■ **WHAT IS REQUIRED**
In the records below, find the line with "Gold Plated Polki", then retype it and every following line exactly, stopping after the line with "Pink Heart Wireless Earphones for Girls". Leave the pictures out.

■ **RECORDS SUPPLIED**
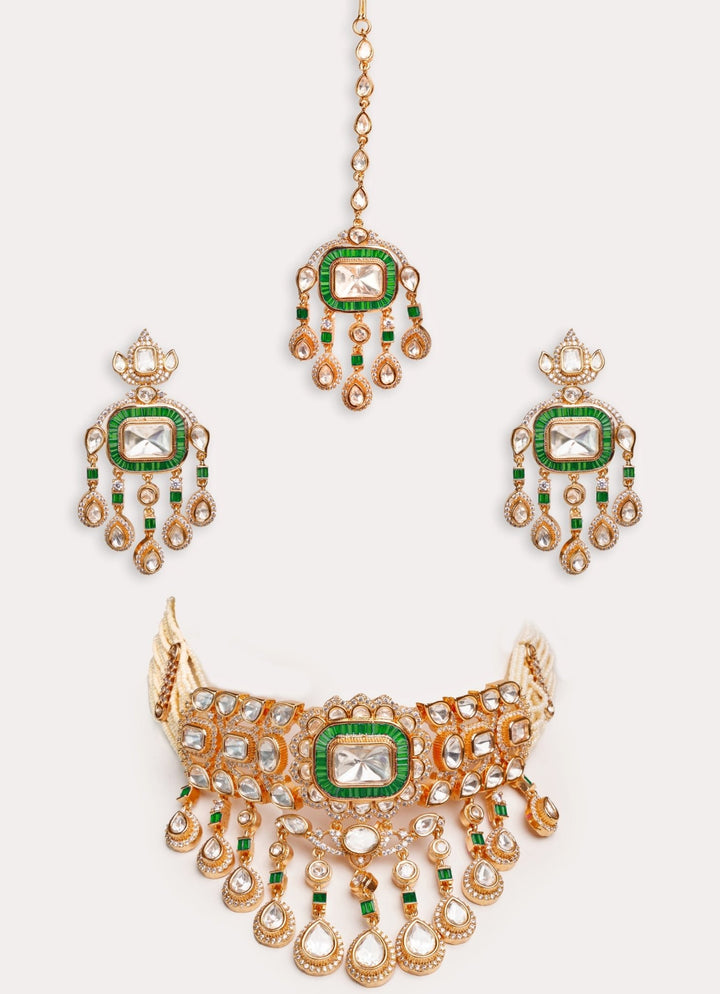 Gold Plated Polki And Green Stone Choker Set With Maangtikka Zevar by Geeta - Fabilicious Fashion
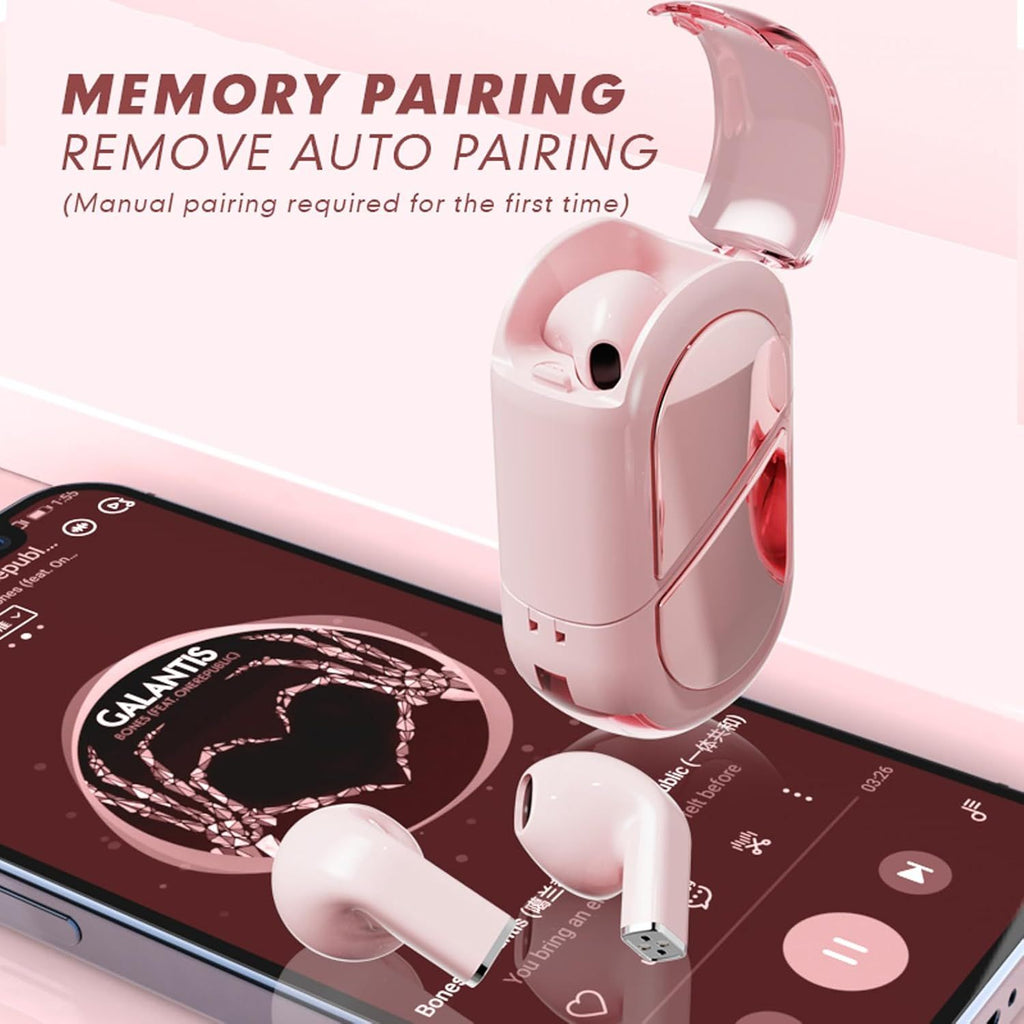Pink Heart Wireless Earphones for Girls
--
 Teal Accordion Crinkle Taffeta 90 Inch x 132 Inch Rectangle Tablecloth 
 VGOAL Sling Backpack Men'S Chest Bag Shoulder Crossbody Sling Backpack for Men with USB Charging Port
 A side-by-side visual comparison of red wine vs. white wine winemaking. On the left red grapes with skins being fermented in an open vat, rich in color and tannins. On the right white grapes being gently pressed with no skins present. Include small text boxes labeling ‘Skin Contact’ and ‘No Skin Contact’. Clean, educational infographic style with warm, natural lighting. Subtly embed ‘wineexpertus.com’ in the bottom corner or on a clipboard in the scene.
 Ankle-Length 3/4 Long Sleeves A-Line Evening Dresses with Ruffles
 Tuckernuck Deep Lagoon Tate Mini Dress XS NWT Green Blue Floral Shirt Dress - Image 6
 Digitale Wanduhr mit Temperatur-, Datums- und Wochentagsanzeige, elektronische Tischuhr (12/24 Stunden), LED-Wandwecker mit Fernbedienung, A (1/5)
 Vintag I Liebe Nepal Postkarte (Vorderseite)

■ **SOLUTION FOR THIS TASK**
 Gold Plated Polki And Green Stone Choker Set With Maangtikka Zevar by Geeta - Fabilicious Fashion
Pink Heart Wireless Earphones for Girls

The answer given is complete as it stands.